For Ben’s criticisms of EA, it’s my opinion that while I agree with many of his conclusions, I don’t agree with some of the strongest conclusions he reaches, or how he makes the arguments for them, simply because I believe they are not good arguments. This is common for interactions between EA and Ben these days, though Ben doesn’t respond to counter-arguments, as he often seems under the impression a counter-argument disagrees with Ben in a way he doesn’t himself agree with, his interlocutors are persistently acting in bad faith. I haven’t interacted directly with Ben myself as much for a while until he wrote the OP this week. So, I haven’t been following as closely how Ben construes ‘bad faith’, and I haven’t taken the opportunity to discover, if he were willing to relay it, what his model of bad faith is. I currently find some of his feelings of EAs he discusses with as acting in bad faith confusing. At least I don’t find them a compelling account of people’s real motivations in discourse.
I haven’t been following as closely how Ben construes ‘bad faith’, and I haven’t taken the opportunity to discover, if he were willing to relay it what his model of bad faith is.
Recently I’ve often found myself wishing for better (widely-understood) terminology for phenomena that it’s otherwise tempting to call “bad faith”, “intellectual dishonesty”, &c. I think it’s pretty rare for people to be consciously, deliberately lying, but motivated bad reasoning is horrifyingly ubiquitous and exhibits a lot of the same structural problems as deliberate dishonesty, in a way that’s worth distinguishing from “innocent” mistakes because of the way it responds to incentives. (As Upton Sinclair wrote, “It is difficult to get a man to understand something when his salary depends upon his not understanding it.”)
If our discourse norms require us to “assume good faith”, but there’s an important sense in which that assumption isn’t true (because motivated misunderstandings resist correction in a way that simple mistakes don’t), but we can’t talk about the ways it isn’t true without violating the discourse norm, then that’s actually a pretty serious problem for our collective sanity!
So, I’ve read the two posts on Benquo’s blog you’ve linked to. The first one “Bad Intent Is a Disposition, Not a Feeling”, depended on the claim he made that mens rea is not a real thing. As was pointed out in comments that he himself acknowledged those comments made some good points that would cause him to rethink the theme he was trying to impart with his original post. I looked up both the title of that post, and ‘mens rea’ on his blog to see if he had posted any updated thoughts on the subject. There weren’t results from the date of publication of that post onward on either of those topics on his blog, so it doesn’t appear he has publicly updated his thoughts on these topics. That was over 2 years ago.
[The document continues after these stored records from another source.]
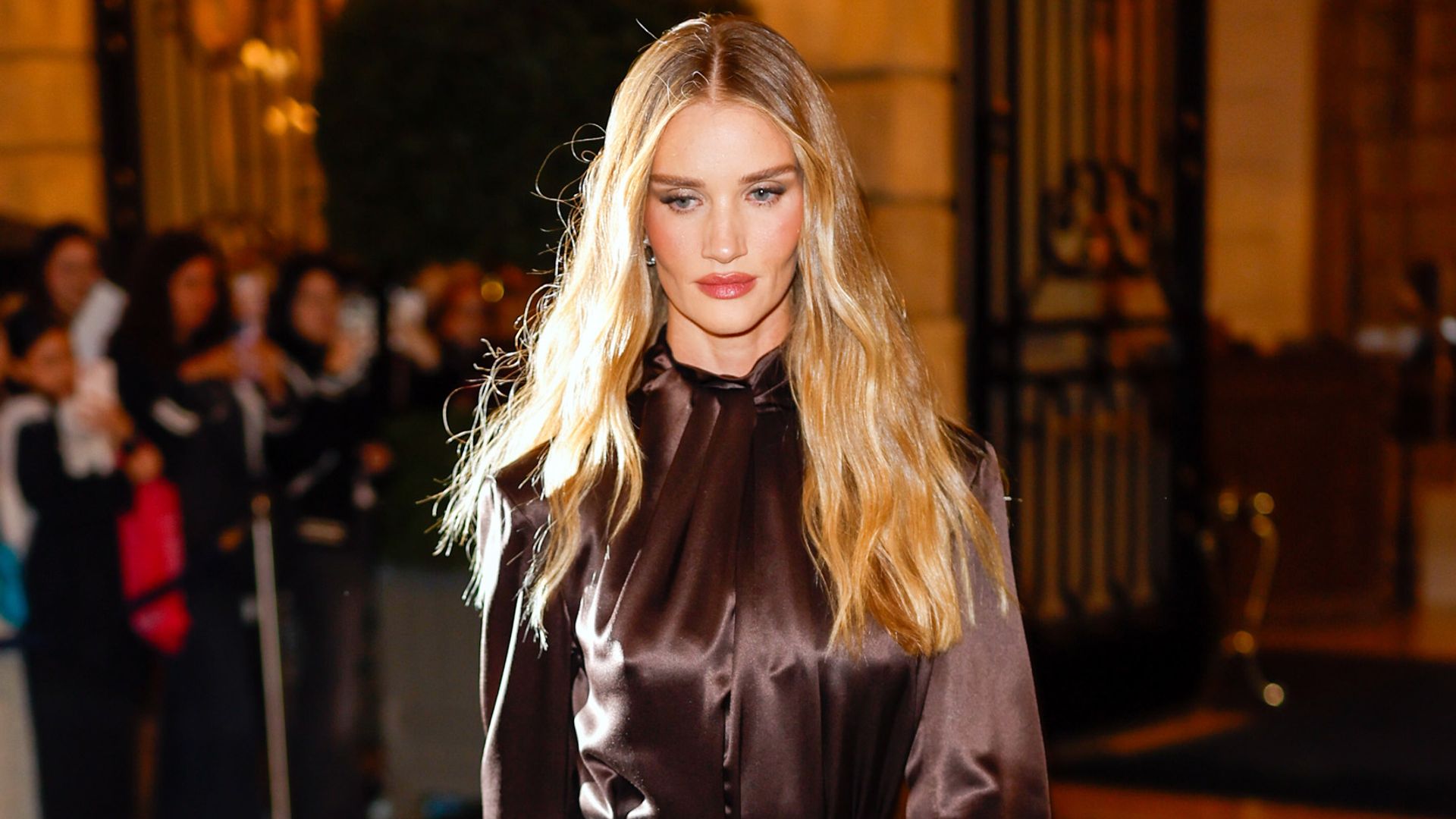 Rosie Huntington-Whiteley surprises in glittery suspenders at Saint Laurent show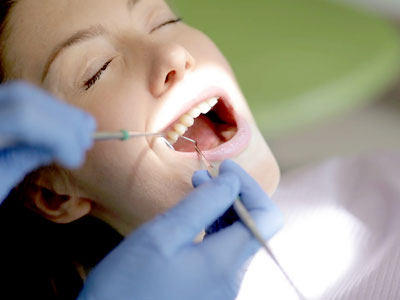 Dentist examining patient’s teeth in Houston dental clinic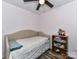 Small bedroom with twin daybed and built-in shelving at 316 Carter Rd, Monroe, NC 28110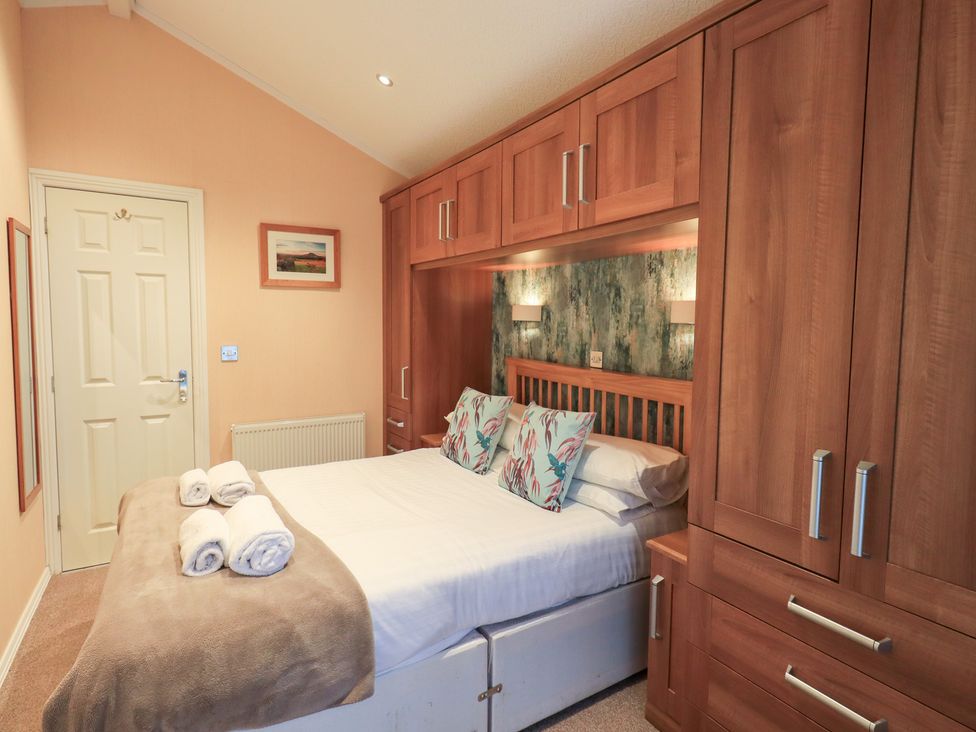 A bedroom with a bed and wardrobe at Kingfisher Lodge, Grasmere 33, White Cross Bay near Windermere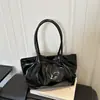 Versión coreana 2026 del hermoso y simple bolso de hombro único de gran capacidad, de moda para el verano, con lazo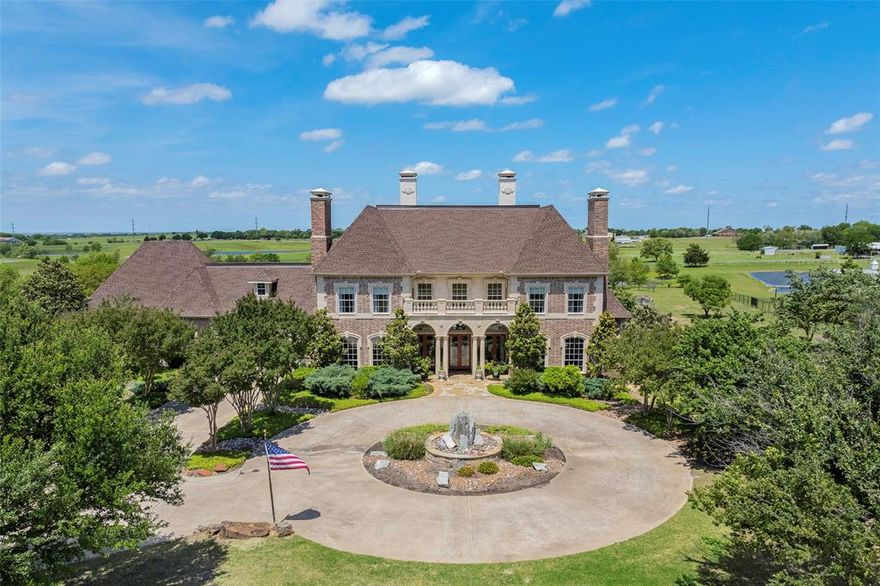 Experience all of the traditional and stately luxury that this estate has to offer! The aptly named Jardin du Soleil is rich with tasteful upgrades and finishes while surrounded by just over 4 and a half acres of peaceful Texas countryside. A gated entry and majestic circular driveway accentuated by a grand stone centerpiece greet you upon arrival, while a grand foyer sets the tone for the comfortable opulence that awaits inside the home. Keep warm by one of the 5 fireplaces peppered across the property, or cool off in the outdoor oasis which features a large covered patio, pool & hot tub with waterfall, and 2 additional outdoor living spaces. The oversized primary suite is located downstairs while all other bedrooms are upstairs, including a private suite with its own staircase to and from the 3 car garage. The kitchen is truly an entertainer's dream with dual ovens, an ice maker, Miele coffee system, wine fridge, dual sinks, 3 pantries, and a built-in refrigerator. Truly a must see!!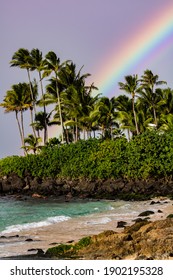 
Sunset With Rainbows, Beautiful Coconut Trees And A Royal Blue Water On The North Shore Of The Oauha Hawaii - HI - USA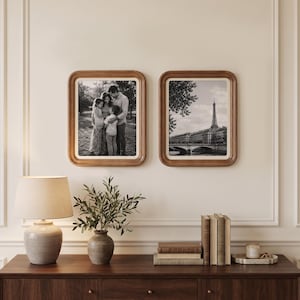 May include: Two rectangular wooden picture frames with rounded corners, each containing a black and white photograph. One frame displays a family of four outdoors, while the other shows a view of the Eiffel Tower in Paris across a river.
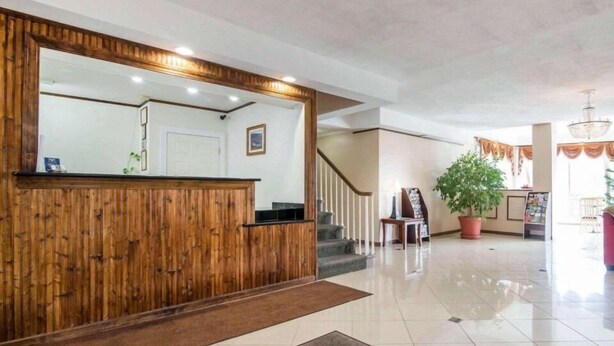 A reception area with a wooden reception desk, a staircase, and a potted plant. - Kingston Motel (Kingston)
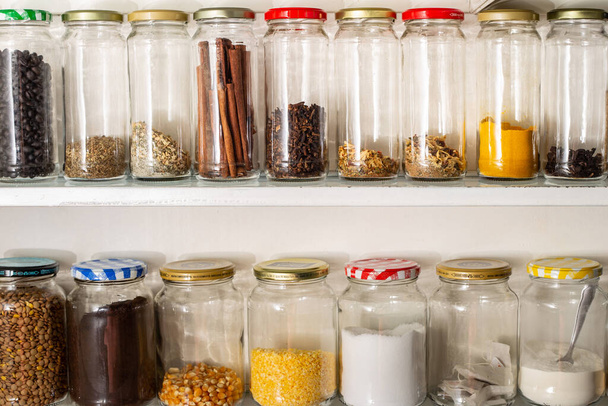 Vista frontal de algunos recipientes de vidrio con comida a granel en un estante de pared. Reutilización de envases de vidrio para productos industrializados. - Foto, imagen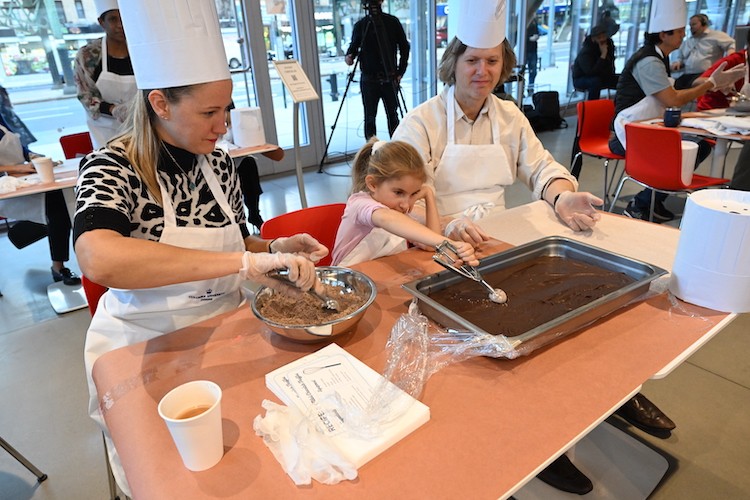 Two women in hats and aprons watch as a child uses an ice cream scoop to scoop up chocolate from a tray.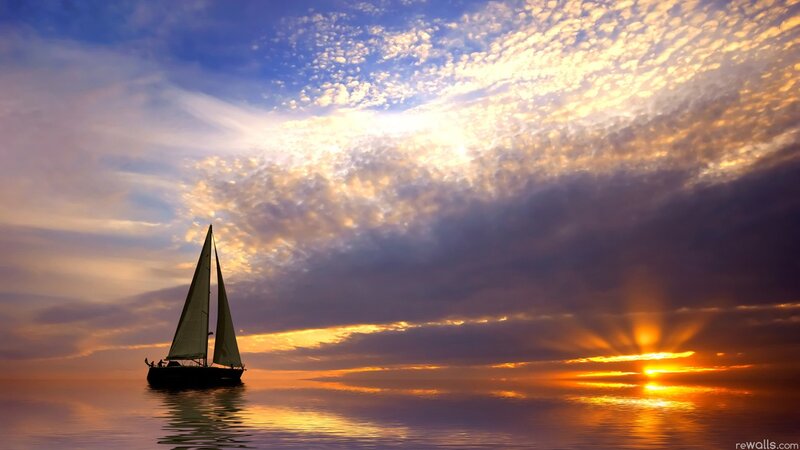 sailboat at sunset on calm sea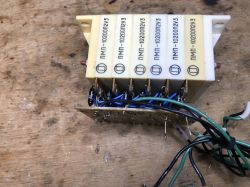 Six white “ПМП-10200П2У3” modules on a PCB with wires, placed on a wooden workbench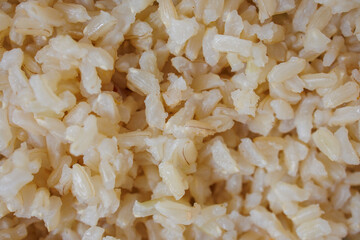 Boiled brown rice closeup, healthy food background with organic grains for vegan diet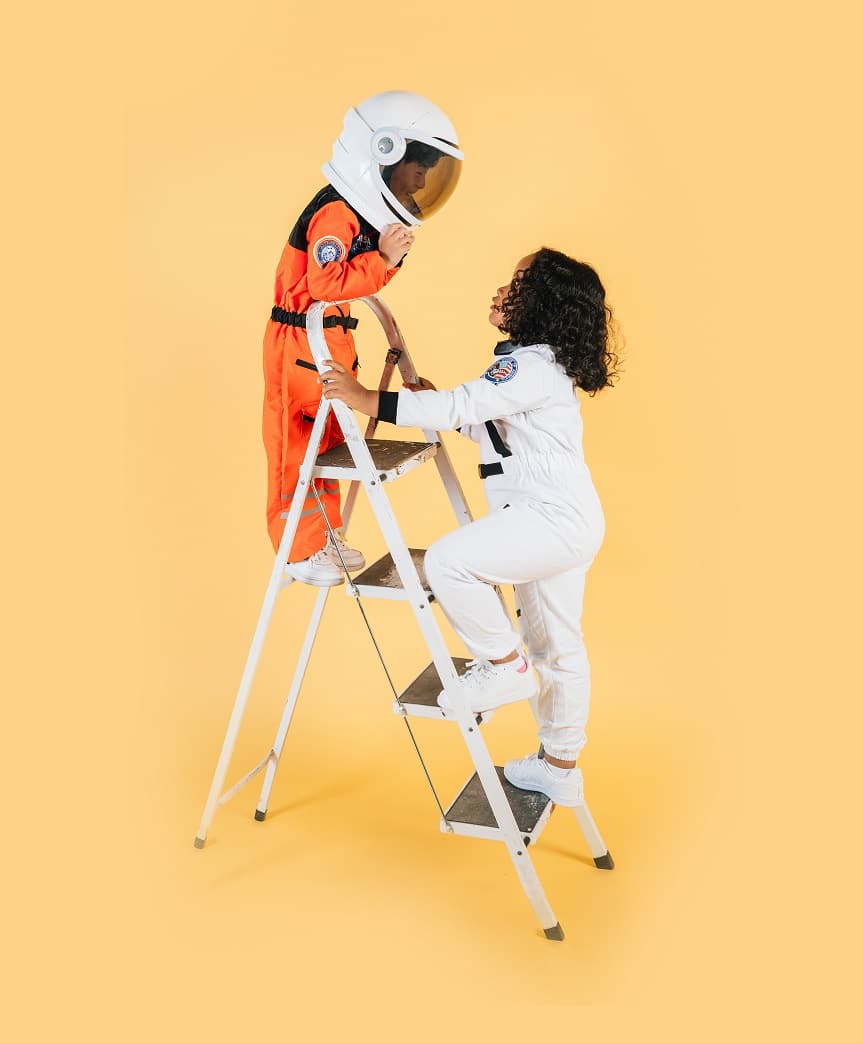 A child in an astronaut suit climbing a ladder with the assistance of another child, symbolizing teamwork, growth, and the development of responsibility through Shop On Fire’s 12X Parenting Coaching.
The second post on the topic was more abstract and figurative, and was using some analogy and metaphor to get its conclusion across. So, I didn’t totally understand the relevance of all that in the second post to the first post, even though the second was intended as a sequel to the first. It seemed to me the crux of resolving the problem was:
Sadly, being honest about your sense that someone else is arguing in bad faith is Officially Not OK. It is read as a grave and inappropriate attack. And as long as that is the case, he could reasonably expect that bringing it up would lead to getting yelled at by everyone and losing the interaction. So maybe he felt and feels like he has no good options here.
Benquo’s conclusion that for public discourse and social epistemology, at least in his experience, that to be honest about your sense someone else is arguing in bad faith is Officially Not OK because it is always construed as a grave and inappropriate personal attack. So, resolving the issue appears socially or practically impossible. My experience is that just isn’t the case. It can lend itself to better modes of public discourse. One thing is it can move communities to states of discourse that are much different than where the EA and rationality communities currently are at. One problem is I’m not sure even those rationalists and EAs who are aware of such problems would prefer the options available, which would be just hopping onto different platforms with very different discourse norms. I would think that would be the most practical option, since the other viable alternative would be for these communities to adopt other communities’ discourse norms, and replace their own with them, wholesale. That seems extremely unlikely to happen.
Part of the problem is that it seems how Benquo construes ‘bad faith’ is as having an overly reductionistic definition. This was what was fleshed out in the comments on the original post on his blog, by commenters AGB and Res. So, that makes it hard for me to accept the frame Benquo bases his eventual conclusions off of. Another problem for me is the inferential distance gap between myself, Benquo, and the EA and rationality communities, respectively, are so large now that it would take a lot of effort to write them up and explain them all. Since it isn’t a super high priority for me, I’m not sure that I will get around to it. However, there is enough material in Benquo’s posts, and the discussion in the comments, that I can work with it to explain some of what I think is wrong with how he construes bad faith in these posts. If I write something like that up, I will post it on LW.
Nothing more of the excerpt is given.